The 2023 U Sports Men's Final 8 Basketball Tournament was held March 10–12, 2023, in Halifax, Nova Scotia, to determine a national champion for the 2022–23 U Sports men's basketball season.

The defending champion Carleton Ravens entered the tournament ranked third, following a loss in the Ontario provincial semi-final game to the Ottawa Gee-Gees. However, the Ravens overcame three teams in this tournament, including Ottawa in the semi-finals, and the St. Francis Xavier X-Men in the first ever double-overtime final, to claim their 17th national title.
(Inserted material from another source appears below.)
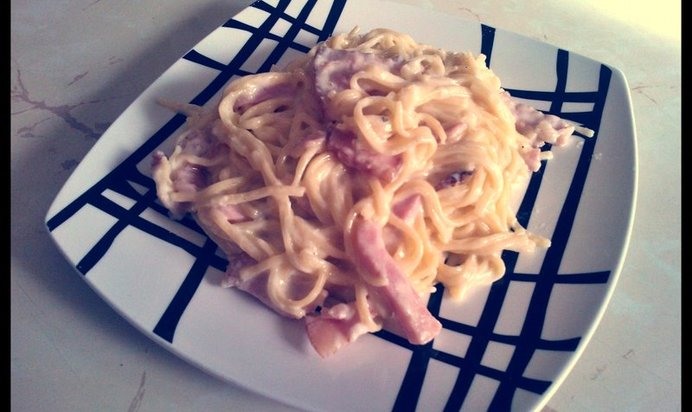 Карбонара с ветчиной и беконом в сливочном соусе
The game set a record for the highest number of points scored by a single team in the championship game (men or women)—109—and the highest number of combined points in the title game (men or women)—213. It was Carleton's fourth straight crown, 11th of the last 12, and 17th of the last 20. They remain the winningest top division school in Canada or the United States.

Host
The tournament was hosted by St. Francis Xavier University, the second time the school hosted the championship, after previously doing so in 1968. St. Francis Xavier was originally awarded the hosting rights for the 2021 championship, but that tournament was cancelled due to the COVID-19 pandemic in Canada.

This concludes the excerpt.